WHAT TO PRODUCE
In the entries below, repeat only the lines between those holding "Estatua de Antonio" and "Após paralisação, ônibus", inclusive. Leave pictures out.

Segment Start: MATERIAL PROVIDED

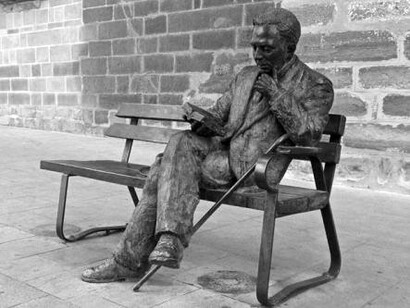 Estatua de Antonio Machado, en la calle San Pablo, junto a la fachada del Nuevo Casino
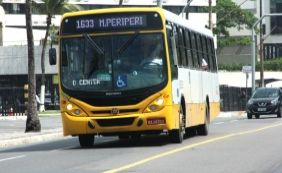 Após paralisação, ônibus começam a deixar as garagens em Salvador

Segment End: MATERIAL PROVIDED
Segment Start: MATERIAL PROVIDED

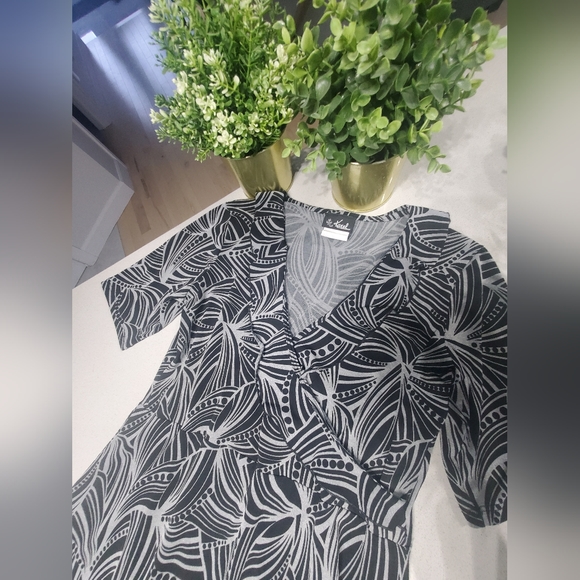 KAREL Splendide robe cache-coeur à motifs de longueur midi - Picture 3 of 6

Segment End: MATERIAL PROVIDED

ANSWER TO THIS TASK
 Estatua de Antonio Machado, en la calle San Pablo, junto a la fachada del Nuevo Casino
 Após paralisação, ônibus começam a deixar as garagens em Salvador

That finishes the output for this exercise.